Murió Mecho. Hace dos noches se nos fue el viejo. Lo mató la vida: el sol, el aire, el mar, el amor. Algo hay en la muerte (tal vez la sensación contundente de un hito alcanzado) que nos mueve a reflexionar sobre los que se van. ¡Qué muerte dulce, esa suya! Morir tras haber vivido intensamente. En una casa sencilla, vivía sencillamente. Tenía algún trabajo en alguna parte, pero su vocación era vivir. Preparaba vejigas de puerco para los diablicos sucios del Corpus Christi en La Villa, entrenaba gallos de pelea, y confeccionaba tambores.

Sus manos, curtidas, curtían la piel del venado, dejándola secar al sol, afeitándole el pelambre reacio. Cavaban con el machete el tronco teso, hasta encontrar en el alma del árbol el cuerpo cilíndrico del tambor. Entonces, con soga y cuñas, templaba la membrana sobre la boca hueca hasta el punto exacto de afinación. Barnizada la madera, hirsuto el cinto, parecía el tambor terminado un cañón de paz, el símbolo de un Punto eternizado en la semilla, el gesto del campesino santeño, presto para el trabajo y para la fiesta. Cada uno de sus tambores era una cifra de su autor, era Mecho hecho de palo y cuero.

Se le llama tamborero al que toca, al que alegra al gentío con sus nortes y corridos, a la cabeza de una tuna, en la madrugada de Carnaval. Pero también es tamborero el que fabrica el instrumento años antes, el que concibe, diseña, produce y pone a prueba a cada tambor como a un hijo. El artesano es el primer artista. A Mecho le gustaba la música al punto de decir que quien no gusta de ella está muerto. Ahora que él lo está, seguirá viviendo en el retumbar del tímpano, en el puje y repique, en la febril vibración del venado sobre el tronco.

Tres artes, viejas como el hombre mismo, nos resultan todavía mágicas: curar, enseñar y hacer música.

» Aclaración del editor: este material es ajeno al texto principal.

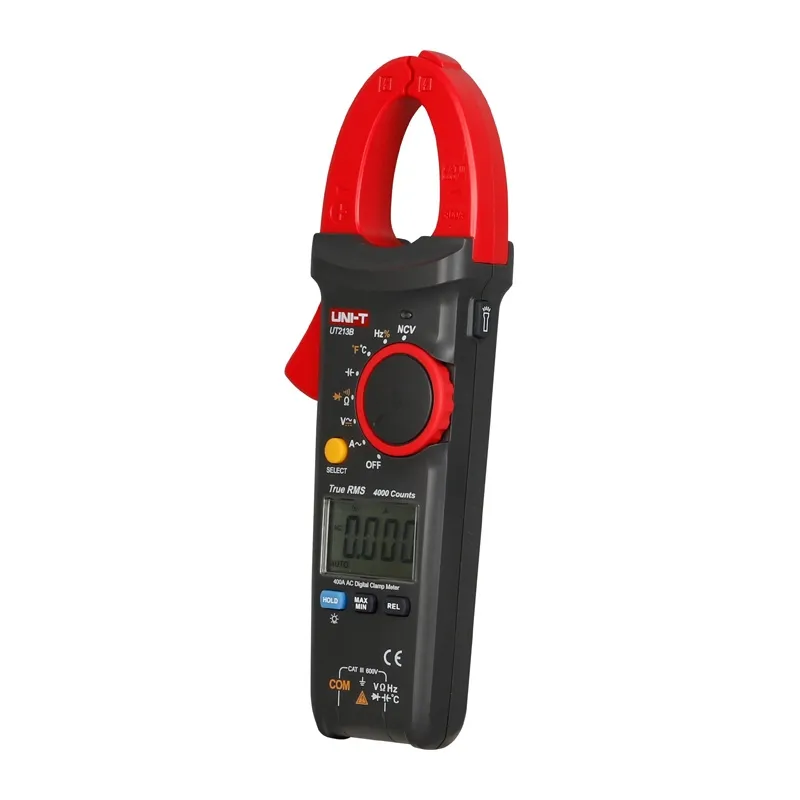 Miernik Cęgowy UNI-T UT213B 400A True RMS Z Termometrem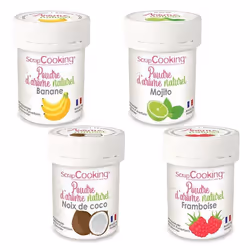 4 arômes alimentaires naturels en poudre - Cocktail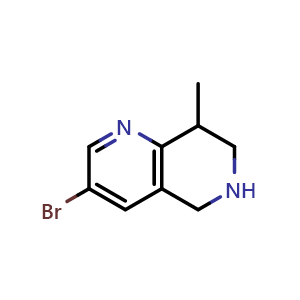 3-Bromo-8-methyl-5,6,7,8-tetrahydro-1,6-naphthyridine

El tambor es posiblemente el instrumento musical más antiguo. Dícese que todas las grandes obras de la música contienen un ritmo que emula el latido del corazón humano, y que por ello apelan a nuestro instinto y nos hacen sentir vivos. El tambor es el vehículo más sencillo del ritmo. Basta uno, junto a una botella de seco, para formar una fiesta bajo la luna estival. ¿En qué cultura, en qué civilización, no ha existido algún tambor característico de dicho pueblo? Detrás de cada uno está el tamborero que lo creó. Sus manos, como las del curandero y las del maestro, encierran un misterio primitivo, una magia primordial, y nos llaman a despertar, a ver el mundo, a vivir.

Mecho, viejo amigo, te has muerto, y no me lo creo. Te velaron con hierba de limón, pan y queso. Te lloraron, te enterraron. Ahora, mientras tu cuerpo se pudre, rezan a Dios el rosario interminable para que perdone tus pecados. ¿Qué pecados, compadre, si tú eras santo? Te santificaron tus manos, por cada tambor que construiste para hacerte eterno. Fuiste todos los hombres, y a la vez fuiste único. Ahora que no estás, ¿quién te reemplazará?